Why does a man want to join others and co-operate with them? It is because his well-being depends on countless things and innumerable actions which he alone cannot get and do. He is by necessity obliged to join hands with others. Consequently each person co-operates with the others, dividing labor and work according to their aptitudes. And all the required work is completed with their joint effort.
This development requires co-operation between any two persons - it does not specifically call for co-operation between a man and a woman. Therefore, building the edifice of matrimony is fundamentally wrong. Nature has based it on the need of procreation and not on social or domestic co-operation. Otherwise, there would not have been any need of any special laws for marriage; the general rules governing association and co-operation would have been enough. It would negate the virtue of chastity and fidelity, nullify the concept of legitimacy and affinity, and abrogate the rules of inheritance - as communism has done. If we accept this ultimate result of the western philosophy of marriage, we would have to accept that all this complicated and interrelated system in the bodies of man and woman was created without any purpose.
This is a short review of the Islamic and western philosophies of marriage. More explanation will be given in some other relevant place.
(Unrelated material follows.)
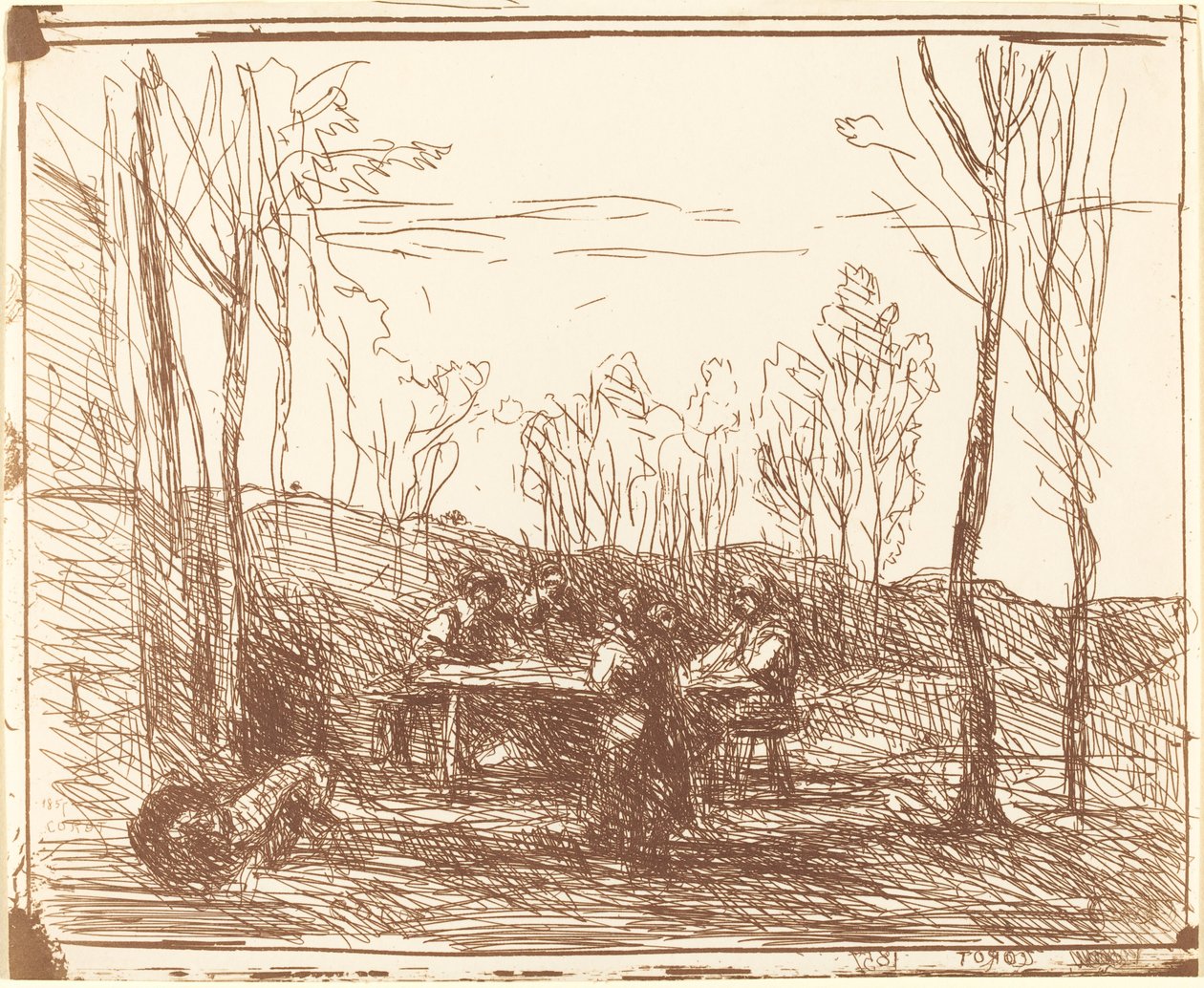 Açıklıkta Öğle Yemeği by Jean Baptiste Camille Corot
So far as divorce is concerned, it is a thing which the shari’ah of Islam should be proud of. It has been made lawful and this legalization also is based on nature. There is nothing in nature to interdict it. Details of the conditions of its validity will be given in the chapter of "Divorce" (chap. 55). Here it should be noted that today all the nations of the world (not excepting the Roman Catholic countries) have had to adopt this system in their civil codes, even though previously they ridiculed Islam on this account.